RE: [css3-images] image-rendering property for contrast-preserving image upscaling

> From: Tab Atkins Jr. [mailto:jackalmage@gmail.com]
> Sent: Monday, February 07, 2011 9:23 AM
> To: Sylvain Galineau
> Cc: Lech; www-style@w3.org
> Subject: Re: [css3-images] image-rendering property for contrast-
> preserving image upscaling
> 
> On Mon, Feb 7, 2011 at 8:33 AM, Sylvain Galineau <sylvaing@microsoft.com>
> wrote:
> >> I don't believe there's a good reason to specify an explicit algorithm.
> >> When you know precisely what algorithm you want, you can implement
> >> that yourself easily in canvas.  When you don't care all that much
> >> (which should be the common case), you can just declare your intent
> >> and let the browser do what it wants to make everything look as good as
> possible.
> >
> > If the answer for your average web author is 'code your image scaling
> > algorithm yourself' then I would most definitely argue there is a good
> > reason for this ! That is not something the kind of JS code browsers
> > should spend cycles running on a routine basis.
> 
> The average web author isn't going to care, imo.  The 'optimize-contrast'
> value gives sufficient intent to cover the one case in which they would
> (scaling up pixel-art images, as opposed to photos).

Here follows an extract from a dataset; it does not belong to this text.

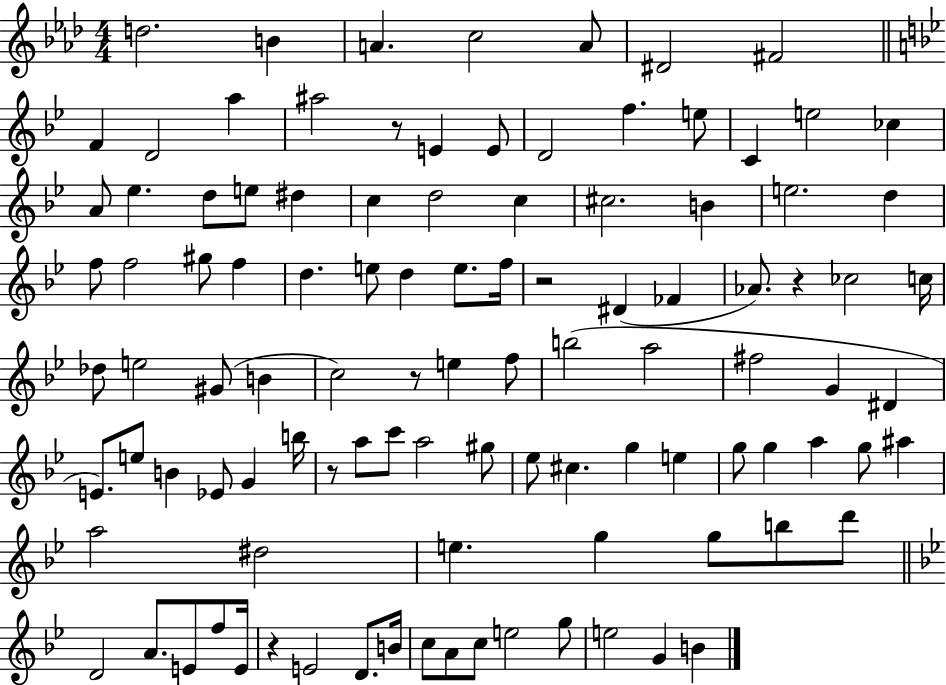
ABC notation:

Well, someone disagrees and seems to know others do as well. I don't 
see any reason to dismiss their claim at face value so it's worth
investigating a little imo.

 
> By the time you're caring about the precise scaling algorithm, you're
> (a) advanced enough that you know how to do it yourself, and (b) very
> likely coding an app already, so running the scaling yourself isn't a
> burden.
> 
> 
> > (The implied claim that this can 'easily' be done also begs the
> question:
> > for whom ? And even then, so what ? It's easy to make progress bars
> > and sliders but those are built in HTML5)
> >
> > So the question imo is: why would this be something authors would want
> > to control on a routine basis ?
> 
> Indeed.  I don't think it is, thus my design.  ^_^

It's clear you don't but until you have innate real-time knowledge of author 
needs worldwide asking more questions from those authors who believe they need
this capability might yield more useful input than telling them 'you don't need 
this but if you do, just write the code'.